According to co-founder Paul Simmonds, the concept for the forum emerged in 2002. At that time, the U.K.'s Royal Mail got a group of European multinationals together to explore the potential of developing common security architectures. The overall aim was to support de-perimeterized business-to-business networking. The group realized that several corporations were tackling the same challenges of doing business in a de-perimeterized world and they were all clamoring for vendors to address their needs, but they were all "articulating the problem differently."

Realizing strength comes in numbers, the group formed this past January under the Jericho name. Its stated mission is to develop a codified set of requirements, primarily in the realm of authentication, encryption and identity management and policy enforcement.

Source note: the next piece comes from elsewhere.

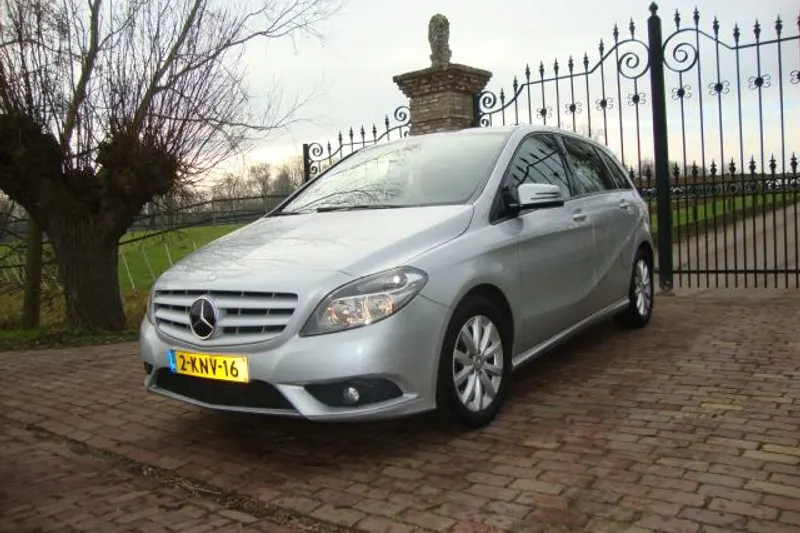 Mercedes-Benz B-Klasse (2013)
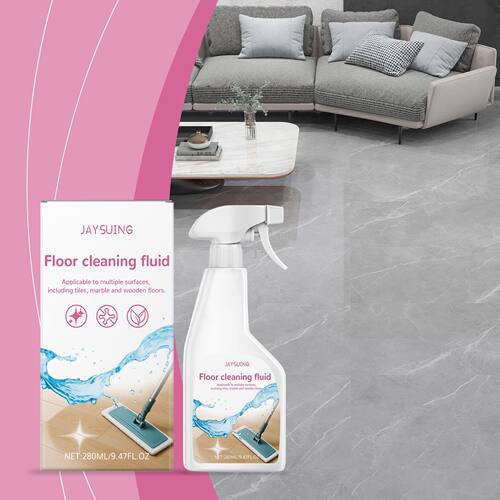 JAYSUING Floor Care Cleaner - Suitable for Tiles, Marble, an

The forum has more than 40 members, including BAE Systems, Credit Suisse First Boston, Eli Lilly, Pfizer, Procter & Gamble, Qantas, Reuters, Rolls-Royce and Unilever. It continues to gain momentum and has recently added a number of U.S. and international firms, including Airbus, Boeing and GlaxoSmithKline. It currently is investigating the feasibility of expanding its presence in Japan, France and Germany.

Jericho met in late August to further develop its road map. As a result of that meeting, the group said it plans to publish a draft specification by year-end that will detail vendor requirements for enabling true de-perimeterization.